▸ ASSIGNED TASK
Copy out exactly the lines spanning the line with "Reginaldo Franca" to the line with "Your Saviour's My", inclusive, from the data underneath, with no pictures.

▸ EXTRACTED DATA

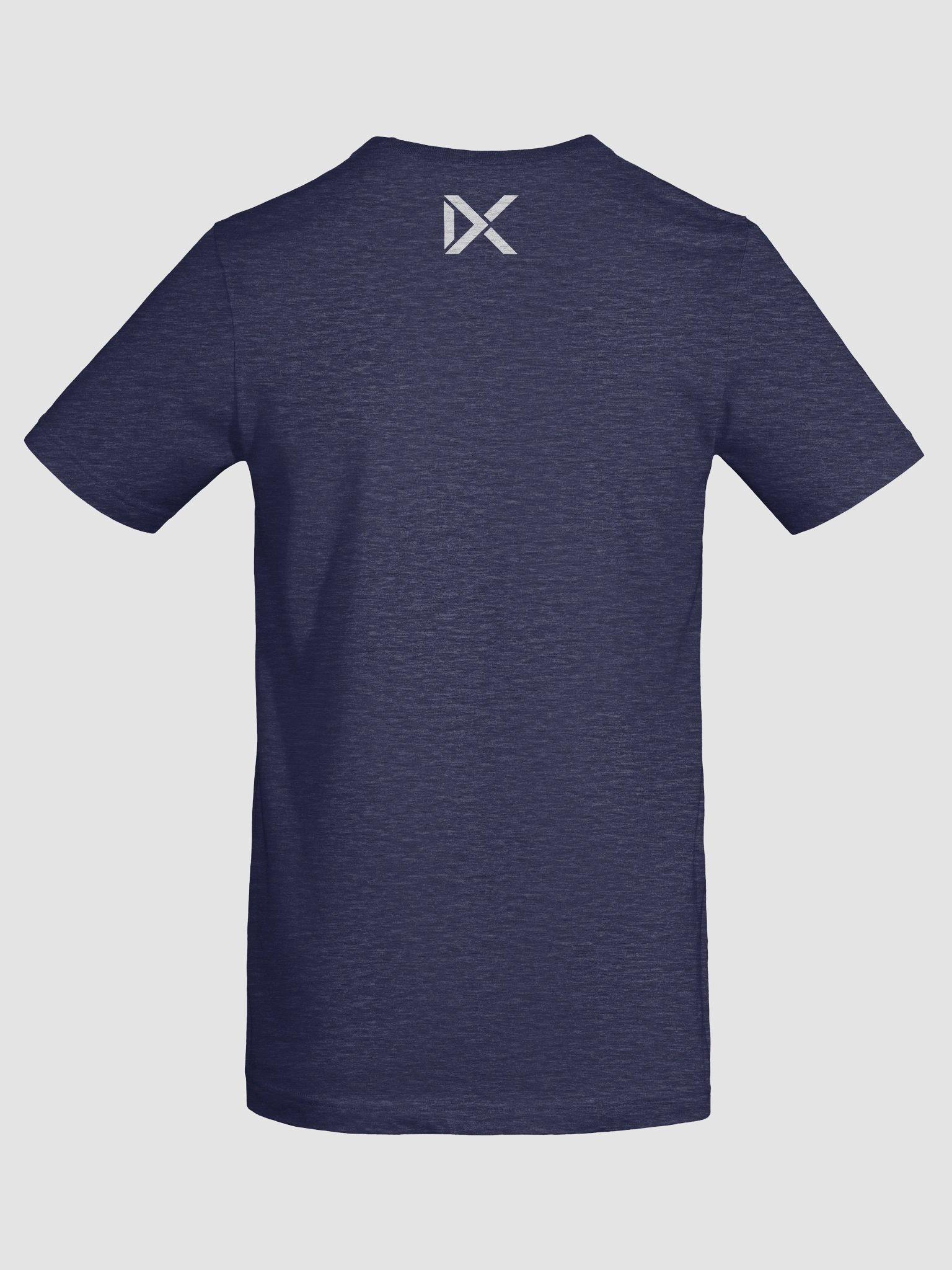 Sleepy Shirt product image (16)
--
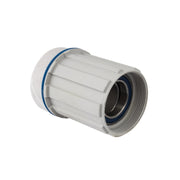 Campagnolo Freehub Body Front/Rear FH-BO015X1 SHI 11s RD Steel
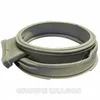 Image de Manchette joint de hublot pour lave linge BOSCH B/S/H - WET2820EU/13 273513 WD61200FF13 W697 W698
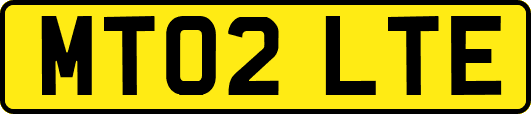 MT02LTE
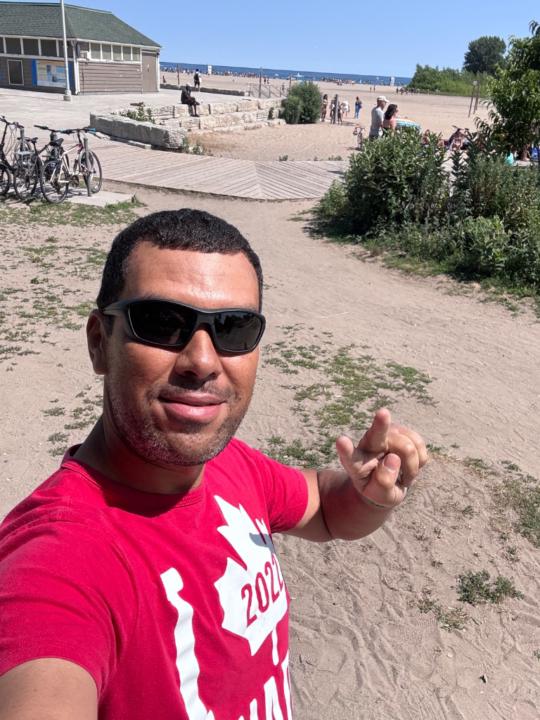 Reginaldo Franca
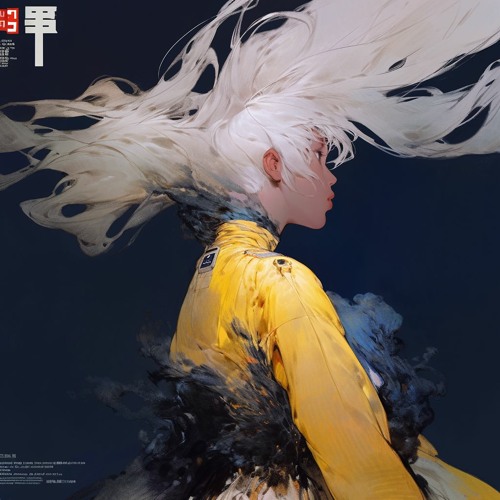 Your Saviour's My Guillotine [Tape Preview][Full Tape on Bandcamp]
---
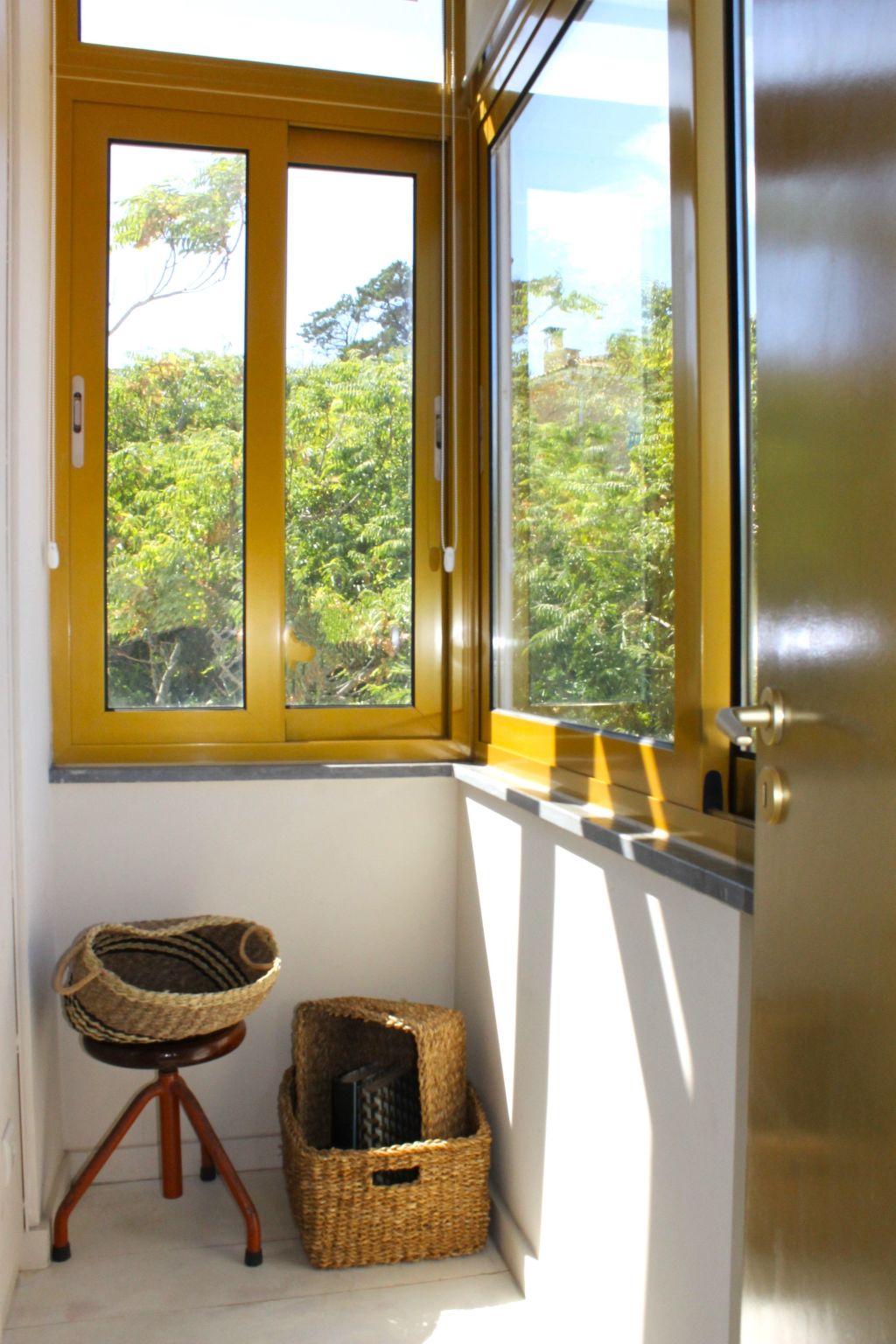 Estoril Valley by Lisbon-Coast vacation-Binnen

▸ TASK ANSWER
 Reginaldo Franca
 Your Saviour's My Guillotine [Tape Preview][Full Tape on Bandcamp]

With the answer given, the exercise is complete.